Balancing College Savings and Retirement Funds
If you had your kids at a pretty young age, then by the time you reach your 50s, they may be graduating college with a diploma in hand. But for folks who had kids in their 30s – and a lot of us are in that boat – your 50s are when you’ll be faced with a common dilemma. Do you boost your kids’ college fund in the hopes of sparing them the horror of student loans? Or do you start making the 401(k) catch-ups you promised you would make once you were old enough?
It’s a hard decision. It’s easier to borrow money for college in a relatively affordable manner than to borrow money to pay your living costs as a retiree. But when you’re a couple of years away from college and have multiple kids to send, the pressure can mount. You may be inclined to put college savings first by virtue of it being the more imminent milestone. If your oldest is a junior in high school and their younger sibling is only a couple of years behind, you have a handful of years to come up with extra tuition money ahead of college. Retirement, on the other hand, might still be a decade or more away. But while it’s easy to make the case for prioritizing college savings, doing so is a move you might sorely regret.

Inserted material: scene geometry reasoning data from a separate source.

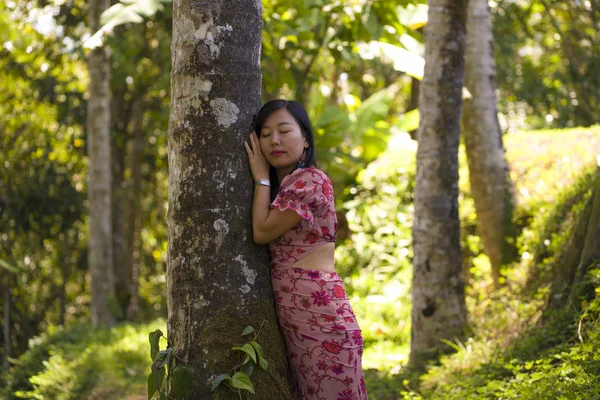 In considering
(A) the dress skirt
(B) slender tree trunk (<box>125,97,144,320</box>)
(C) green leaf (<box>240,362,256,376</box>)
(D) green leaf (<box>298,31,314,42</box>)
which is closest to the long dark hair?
(A) the dress skirt

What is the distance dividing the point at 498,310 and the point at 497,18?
1291 centimetres

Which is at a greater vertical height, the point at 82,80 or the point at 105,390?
the point at 82,80

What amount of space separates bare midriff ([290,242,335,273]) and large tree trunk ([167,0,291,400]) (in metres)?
0.19

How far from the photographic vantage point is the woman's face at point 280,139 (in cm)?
366

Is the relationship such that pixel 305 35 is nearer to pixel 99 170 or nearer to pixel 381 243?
pixel 381 243

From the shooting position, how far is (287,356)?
3.70 meters

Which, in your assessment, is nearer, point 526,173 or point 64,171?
point 526,173

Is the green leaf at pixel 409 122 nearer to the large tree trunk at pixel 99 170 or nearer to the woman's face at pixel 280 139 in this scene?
the large tree trunk at pixel 99 170

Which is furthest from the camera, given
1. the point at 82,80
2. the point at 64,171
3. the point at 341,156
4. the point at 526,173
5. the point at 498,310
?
the point at 82,80

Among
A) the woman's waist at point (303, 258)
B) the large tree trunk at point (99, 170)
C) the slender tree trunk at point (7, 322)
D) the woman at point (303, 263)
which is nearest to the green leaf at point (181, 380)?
the woman at point (303, 263)

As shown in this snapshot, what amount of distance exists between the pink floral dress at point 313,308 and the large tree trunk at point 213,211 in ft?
0.27

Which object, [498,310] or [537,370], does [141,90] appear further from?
[537,370]

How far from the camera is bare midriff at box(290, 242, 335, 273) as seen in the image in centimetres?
360

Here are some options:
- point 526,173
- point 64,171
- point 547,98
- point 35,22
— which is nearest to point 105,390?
point 526,173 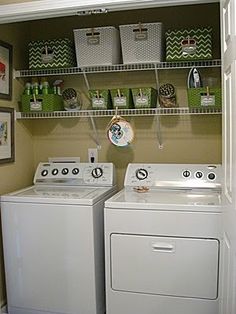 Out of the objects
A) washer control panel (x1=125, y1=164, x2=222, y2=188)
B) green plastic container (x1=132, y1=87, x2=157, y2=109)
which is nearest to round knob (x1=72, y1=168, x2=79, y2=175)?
washer control panel (x1=125, y1=164, x2=222, y2=188)

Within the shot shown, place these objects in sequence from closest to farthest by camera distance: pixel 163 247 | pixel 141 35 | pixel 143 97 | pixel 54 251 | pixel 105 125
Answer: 1. pixel 163 247
2. pixel 54 251
3. pixel 141 35
4. pixel 143 97
5. pixel 105 125

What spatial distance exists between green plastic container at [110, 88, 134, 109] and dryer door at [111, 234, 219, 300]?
101 cm

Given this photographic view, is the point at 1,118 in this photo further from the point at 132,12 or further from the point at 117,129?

Parents are putting their kids first
A 2024 Fidelity survey found that parents are putting college savings ahead of their retirement savings. This tracks with a 2023 Thrivent survey, which, too, saw parents saving to send their kids to college over their own retirement. On the one hand, this data speaks to the overwhelming generosity of parents. On the other hand, it highlights a major crisis in the making.
Many older Americans today sorely lack retirement savings. AARP finds that 20% of people 50 and over have no money set aside for their senior years. And Vanguard’s most recent review of its 401(k) plan data found the average balance among Americans ages 55 to 64 to be only $244,750.This isn’t to say that every parent is prioritizing college savings over their nest egg. But many are. And you need to be careful not to be one of them.

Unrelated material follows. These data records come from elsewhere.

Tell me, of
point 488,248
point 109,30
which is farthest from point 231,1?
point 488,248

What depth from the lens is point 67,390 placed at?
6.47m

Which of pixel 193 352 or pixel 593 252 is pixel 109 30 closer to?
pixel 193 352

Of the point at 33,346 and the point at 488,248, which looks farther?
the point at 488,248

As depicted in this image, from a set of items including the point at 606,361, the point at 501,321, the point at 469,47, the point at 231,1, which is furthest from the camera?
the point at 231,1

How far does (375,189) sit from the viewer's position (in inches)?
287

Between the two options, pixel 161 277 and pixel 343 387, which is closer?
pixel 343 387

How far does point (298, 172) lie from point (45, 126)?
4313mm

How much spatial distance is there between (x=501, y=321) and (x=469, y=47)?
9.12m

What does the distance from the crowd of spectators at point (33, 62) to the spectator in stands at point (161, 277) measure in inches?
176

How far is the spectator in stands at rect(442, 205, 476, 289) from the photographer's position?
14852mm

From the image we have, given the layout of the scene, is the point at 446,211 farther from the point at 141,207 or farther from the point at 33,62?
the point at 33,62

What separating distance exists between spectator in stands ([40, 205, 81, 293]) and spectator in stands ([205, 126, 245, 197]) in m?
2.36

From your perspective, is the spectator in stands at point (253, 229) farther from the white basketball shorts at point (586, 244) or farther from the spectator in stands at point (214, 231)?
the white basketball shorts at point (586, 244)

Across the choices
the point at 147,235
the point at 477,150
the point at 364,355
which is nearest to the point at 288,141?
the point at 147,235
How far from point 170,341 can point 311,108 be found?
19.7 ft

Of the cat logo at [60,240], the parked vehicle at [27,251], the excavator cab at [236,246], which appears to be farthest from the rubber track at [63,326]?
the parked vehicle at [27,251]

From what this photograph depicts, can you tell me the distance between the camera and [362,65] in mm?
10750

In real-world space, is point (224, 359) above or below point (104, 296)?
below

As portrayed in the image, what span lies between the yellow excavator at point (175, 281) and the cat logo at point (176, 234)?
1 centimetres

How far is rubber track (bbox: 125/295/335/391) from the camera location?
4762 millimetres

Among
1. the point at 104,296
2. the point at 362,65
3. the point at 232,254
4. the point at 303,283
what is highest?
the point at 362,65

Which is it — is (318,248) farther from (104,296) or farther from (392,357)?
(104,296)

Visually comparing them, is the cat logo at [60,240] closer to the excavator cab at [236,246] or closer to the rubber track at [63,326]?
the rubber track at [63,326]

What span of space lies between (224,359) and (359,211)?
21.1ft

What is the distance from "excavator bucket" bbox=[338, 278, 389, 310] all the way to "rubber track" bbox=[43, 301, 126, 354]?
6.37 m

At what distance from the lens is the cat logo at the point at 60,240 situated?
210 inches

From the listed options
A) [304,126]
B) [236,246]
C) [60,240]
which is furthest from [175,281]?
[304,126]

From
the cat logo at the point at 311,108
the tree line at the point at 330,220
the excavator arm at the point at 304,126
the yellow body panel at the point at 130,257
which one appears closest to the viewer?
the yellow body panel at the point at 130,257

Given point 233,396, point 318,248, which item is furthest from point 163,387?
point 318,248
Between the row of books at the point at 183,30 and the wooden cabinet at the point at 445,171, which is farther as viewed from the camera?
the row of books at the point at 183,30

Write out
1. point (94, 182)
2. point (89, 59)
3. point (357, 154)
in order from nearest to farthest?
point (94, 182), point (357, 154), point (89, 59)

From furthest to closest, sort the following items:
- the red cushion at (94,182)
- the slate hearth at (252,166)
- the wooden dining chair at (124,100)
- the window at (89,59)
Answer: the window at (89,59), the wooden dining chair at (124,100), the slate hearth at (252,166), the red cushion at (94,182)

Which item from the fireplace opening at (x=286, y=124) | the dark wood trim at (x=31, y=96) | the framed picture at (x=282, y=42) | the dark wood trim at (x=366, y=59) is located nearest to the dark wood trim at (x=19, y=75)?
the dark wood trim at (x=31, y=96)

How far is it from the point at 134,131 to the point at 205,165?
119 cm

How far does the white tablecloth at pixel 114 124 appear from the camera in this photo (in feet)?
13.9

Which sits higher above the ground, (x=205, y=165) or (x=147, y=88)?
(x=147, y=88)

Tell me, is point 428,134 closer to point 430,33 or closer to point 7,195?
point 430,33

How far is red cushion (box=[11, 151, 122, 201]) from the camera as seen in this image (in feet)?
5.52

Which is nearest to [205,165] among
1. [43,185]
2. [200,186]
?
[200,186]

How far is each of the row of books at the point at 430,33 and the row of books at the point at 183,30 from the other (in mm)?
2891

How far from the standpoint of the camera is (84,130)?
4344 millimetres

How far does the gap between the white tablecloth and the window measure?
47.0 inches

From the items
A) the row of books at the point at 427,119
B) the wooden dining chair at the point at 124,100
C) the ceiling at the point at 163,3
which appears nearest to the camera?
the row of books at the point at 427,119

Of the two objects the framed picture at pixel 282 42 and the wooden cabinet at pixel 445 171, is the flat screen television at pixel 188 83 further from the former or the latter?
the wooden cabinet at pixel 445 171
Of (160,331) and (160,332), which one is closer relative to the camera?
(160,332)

How to make the right call
In an ideal world, you’d simultaneously be funding 529 plans for your kids and your own retirement savings without missing a beat. In reality, there may be periods when you have to choose. This is one situation where it’s not only okay, but vital, to choose yourself.
Your children can take steps to lower their college costs if your savings fall short and they don’t want to be saddled with loans. They can spend a year or two at community college to tackle requirements before moving on to a more expensive university. They can commute instead of living in a dorm. And they can pursue opportunities like work-study arrangements, merit-based scholarships, and more. In retirement, your options for lowering your expenses may be limited.

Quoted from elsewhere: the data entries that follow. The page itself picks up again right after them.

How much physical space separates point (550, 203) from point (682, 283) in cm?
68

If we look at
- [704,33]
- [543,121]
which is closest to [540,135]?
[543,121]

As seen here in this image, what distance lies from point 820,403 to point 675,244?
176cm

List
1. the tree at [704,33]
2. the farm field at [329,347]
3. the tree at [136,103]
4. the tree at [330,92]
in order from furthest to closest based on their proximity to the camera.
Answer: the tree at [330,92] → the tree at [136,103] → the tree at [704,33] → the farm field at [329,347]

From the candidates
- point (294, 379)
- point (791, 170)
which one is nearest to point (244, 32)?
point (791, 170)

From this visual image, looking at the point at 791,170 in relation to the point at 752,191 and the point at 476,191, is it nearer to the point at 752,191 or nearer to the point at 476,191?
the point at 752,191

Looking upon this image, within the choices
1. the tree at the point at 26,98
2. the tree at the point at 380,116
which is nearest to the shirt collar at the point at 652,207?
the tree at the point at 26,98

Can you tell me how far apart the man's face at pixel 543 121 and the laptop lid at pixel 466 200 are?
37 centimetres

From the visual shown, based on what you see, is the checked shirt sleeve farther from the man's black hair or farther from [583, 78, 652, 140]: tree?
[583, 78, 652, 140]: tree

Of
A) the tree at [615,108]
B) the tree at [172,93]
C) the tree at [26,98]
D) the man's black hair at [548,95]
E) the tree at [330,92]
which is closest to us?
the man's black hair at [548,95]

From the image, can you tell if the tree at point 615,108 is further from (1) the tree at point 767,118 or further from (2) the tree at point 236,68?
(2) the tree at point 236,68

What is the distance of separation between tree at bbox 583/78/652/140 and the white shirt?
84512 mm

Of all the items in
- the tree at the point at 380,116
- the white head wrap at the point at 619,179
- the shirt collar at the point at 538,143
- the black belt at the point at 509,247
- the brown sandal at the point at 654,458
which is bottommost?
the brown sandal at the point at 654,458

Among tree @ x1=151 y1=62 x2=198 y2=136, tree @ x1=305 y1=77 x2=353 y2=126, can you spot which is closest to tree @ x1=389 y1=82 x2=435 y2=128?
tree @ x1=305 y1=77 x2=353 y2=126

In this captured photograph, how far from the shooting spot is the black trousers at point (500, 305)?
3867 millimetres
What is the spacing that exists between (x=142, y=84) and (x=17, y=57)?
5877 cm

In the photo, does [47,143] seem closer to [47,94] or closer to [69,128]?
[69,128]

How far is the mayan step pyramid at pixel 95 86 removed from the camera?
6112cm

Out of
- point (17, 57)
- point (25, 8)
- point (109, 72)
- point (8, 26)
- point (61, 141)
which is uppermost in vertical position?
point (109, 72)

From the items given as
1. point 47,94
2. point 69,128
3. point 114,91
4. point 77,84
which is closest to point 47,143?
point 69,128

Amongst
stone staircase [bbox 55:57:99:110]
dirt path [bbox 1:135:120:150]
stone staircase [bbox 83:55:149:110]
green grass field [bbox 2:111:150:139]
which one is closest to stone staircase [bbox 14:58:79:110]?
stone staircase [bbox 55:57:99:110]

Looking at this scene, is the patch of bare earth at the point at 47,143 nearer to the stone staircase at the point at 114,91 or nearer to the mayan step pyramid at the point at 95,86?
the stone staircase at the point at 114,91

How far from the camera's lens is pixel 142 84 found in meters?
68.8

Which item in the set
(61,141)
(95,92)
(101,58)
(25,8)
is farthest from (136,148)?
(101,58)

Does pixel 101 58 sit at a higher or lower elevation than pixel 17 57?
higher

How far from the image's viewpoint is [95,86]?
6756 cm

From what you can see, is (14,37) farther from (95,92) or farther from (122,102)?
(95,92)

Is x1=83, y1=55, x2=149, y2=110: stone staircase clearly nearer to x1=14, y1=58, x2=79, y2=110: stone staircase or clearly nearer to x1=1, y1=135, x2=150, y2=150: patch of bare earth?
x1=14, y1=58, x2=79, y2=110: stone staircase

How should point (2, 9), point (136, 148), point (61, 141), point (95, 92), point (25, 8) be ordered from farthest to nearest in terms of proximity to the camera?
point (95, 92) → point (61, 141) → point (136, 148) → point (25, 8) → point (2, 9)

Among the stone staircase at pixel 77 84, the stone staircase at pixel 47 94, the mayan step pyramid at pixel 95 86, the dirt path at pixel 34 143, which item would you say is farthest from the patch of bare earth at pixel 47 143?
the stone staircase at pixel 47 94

You might need to stay in a higher cost area to have access to family and other resources. You might have to spend a certain amount of money on healthcare because, well, that’s what it takes to address your medical needs. And while it may be possible to save money on housing by downsizing, even an inexpensive home is going to require maintenance and repairs, not to mention come with a property tax and insurance bill. So if you’re not sure whether to prioritize college savings over your retirement nest egg, assess your long-term savings and see where you’re at. If you’re happy with the number or ahead of the game in the context of building your nest egg, then by all means, focus on funding those 529 plans (or wherever you’re saving for college) while you still have the chance.
But if you’re worried about where you are in your retirement savings journey, it may be wise to put your IRA or 401(k) first. Even if your children end up with some loans, they’ll have the rest of their lives to pay them off. And if you end up with extra money heading into retirement, you can help them whittle down their balances. But this is one situation where your personal savings may need to get funded first. And, as always, consulting with a financial planning specialist with your own situation is key.